天動する経済学

虚構の経済学から実態の経済学へ

突っ込みどころ満載の経済学① -無限に高くなるコスト-

f:id:sun1200:20200527122722j:plain

 

中小企業診断士の経済学・経済政策を勉強中のサンです。

経済学に突っ込みどころが多すぎたので突っ込んでいきます。

 

❐総費用曲線が3次関数になる

 

これは簡単にいうと、『原価(単価)って数量が増えるほど高くなるよね』

ってことなんですが、いやいやちょっと待て。イキナリ何事かと。

普通の感覚でいくと数量が増えるほど原価(単価)は下がります。

 

もしあなたが企業の購買部だったら、調達先にこう言いますよね?

たくさん買うんだから、もう少し安くしてよ 

間違っても、たくさん買うから値上げしてもいいよ とは言わないですよね?

 

しかしミクロ経済学の一般的な総費用曲線は逆S字型になると説明されます。

なぜそうなるかはサラっとだけ一応解説されています。

 

最初の方は、モノを作るのも下手でコスト(単価)もかかっちゃうけどだんだん上手く

作れるようになるからコストは下がっていく(これはわかる)、でも一定以上の

生産量を超すと、作る人が増えてもコストがかかるばかりで生産量が上がりにくく

なるよね。
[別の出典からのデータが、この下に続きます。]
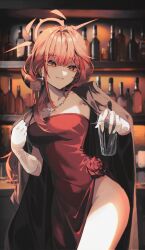 1girl 46_coffee aru_(blue_archive) aru_(dress)_(blue_archive) bar_(place) black_jacket blue_archive blunt_bangs blurry blurry_background bottle breasts cleavage commentary covered_navel cowboy_shot cup demon_girl demon_horns dress dress_flower earrings eyelashes eyeshadow film_grain flower glass glint gloves hair_intakes halo hands_up highres hip_vent holding holding_cup horns indoors jacket jacket_on_shoulders jewelry large_breasts long_hair looking_at_viewer makeup necklace no_bra no_panties official_alternate_costume parted_lips pink_eyes pink_hair pink_halo red_dress red_flower red_rose rose sidelocks sleeveless sleeveless_dress smile solo white_gloves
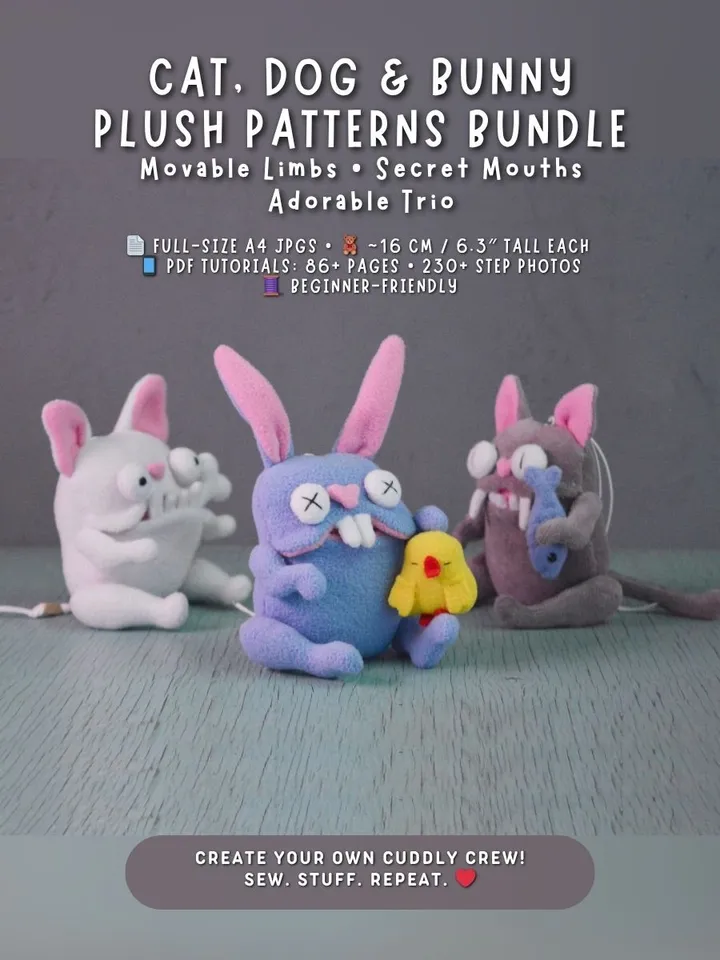 PDF Plush Toy Patterns β Fleece Softies Trio (Cat, Dog, Bunny)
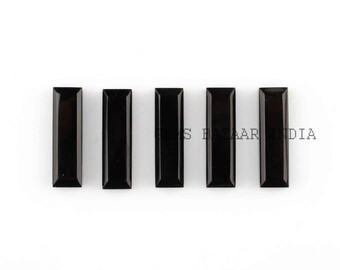 Natural Black Onyx Step Cut Jasper 6x23 MM Rectangle Shape Cabochon High Polished Calibrated Loose Gemstones Flat Back For Jewelry Making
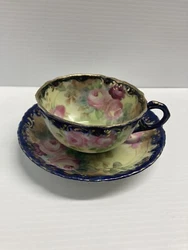 Hand Painted Nippon Tea Cup Gold Blue Antique Cup & Saucer Unsigned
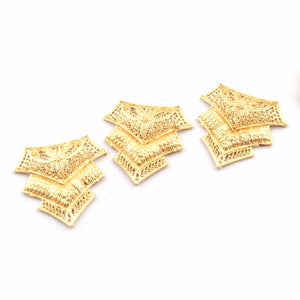 5 Pcs Designer Copper Casting Fancy Charm  - 24k Gold Plated  - Copper Fancy With Filigree Design Charm  51mmx51mm GPC904 - Tucson Beads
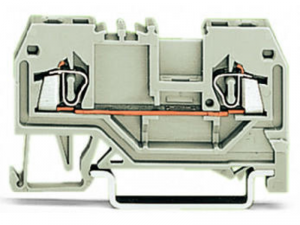 2-conductor through terminal block; 1.5 mmA&sup2;; suitable for Ex e II applications; center marking; for DIN-rail 35 x 15 and 35 x 7.5; CAGE CLAMPA&reg;; 1,50 mmA&sup2;; light gray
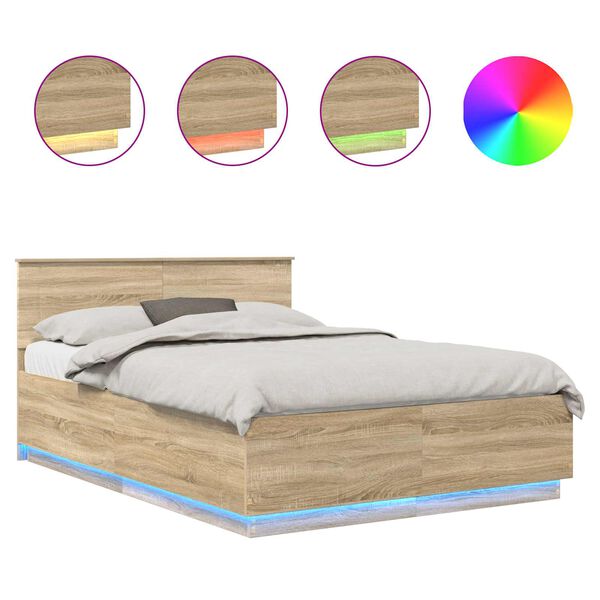 vidaXL Cadru de pat Stejar Sonoma 150 x 200 cm Lemn compozit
と… 一見正しそうに見えますか?

例えるならラーメン屋に店員が100人いるようなものです。もしそうなら

確かにラーメン一杯あたりのコストはどんどん高くなりそうです。

 

でも現実にはそんなことはありません。ラーメンをたくさん作りたいなら

人手も増やすかもしれませんが、設備を新調しますし、別の店舗を設けます。

大手ラーメンチェーン店であれば材料の集中購買したり長期契約を結んだりして、

個人店舗より大量に安く仕入れているでしょう。

 

 

なにはともあれともかく3次関数(逆S字型曲線)になるんだ!

あまり深く考えないで… という感じで話が進んでいきます。

 

❒高くなっていくコストで生産量や価格も決定出来る

 

仮にモノを作るほどコストが上がっていくとした場合、

あまり作りすぎるとコストが上がって儲けが減るわけですから、

一番利益が取れる‘ほどよい生産量’が決まってきます。

 

そうすると、実に単純な数式モデルになります。

なぜなら、生産量も価格もコストに従って必然的に決めることが出来るからです。

でも実際のビジネスにおいて、生産量や価格を決める要素は他に何でしょうか?

 

例えば『価値』『需要』があります。価値が無ければ1円でも売れませんし

1億個作れたとしてもしても100個しか需要が無ければ100個までしか売れません。

 

でも、目に見えない価値や、変動する需要、調達するほど安くなる材料費、

などを考慮した場合、数式はとんでもなく複雑になっていきます。

完全競争市場とか自社の行動が市場に与える影響はゼロだとか、物事を

単純モデル化するのはまぁいいとして、それ以前に仮定に無理がありすぎるのです。

 

しかも製造物なら1万歩譲ってなんとか理解できたとして、

ソフトウェアではますます当てはまらなくなります。

変動費がゼロに近いソフトウェアやデータを販売すればするほど

指数的にコストが上がるなんてことは絶対にあり得ません。

 

古典経済学にソフトウェアについても考えとけよというのは少しかわいそうですが、

そもそもの仮定がむちゃくちゃなので、それ以前の問題です。

 

今後、人類の価値はますます『モノ』から『体験』に変わっていくでしょう。

ソフトウェアのようなコスト逓減産業はますます増えていくということです。

さすがにそろそろ経済学も生まれ変わらなくてはいけません。

 

現行の経済学は、かなりおかしな世界を想定しています。

間違いだけならまだしも、この嘘にまみれた数式が後々に

とんでもない結論を生み出していくことになるのです… 

 

 ❒総費用曲線のグラフ

①無限に上がるコスト

f:id:sun1200:20200521171053j:plain

 ②そうすると価格や生産量が簡単に決められる

f:id:sun1200:20200521171113j:plain

 

③現実は大体こう

 

f:id:sun1200:20200521171122j:plain

 

❒考察1

 

つまり生産量はコストによって決まるのではなく、別の要因によって決まる。

 別の要因とはおそらく『需要』である。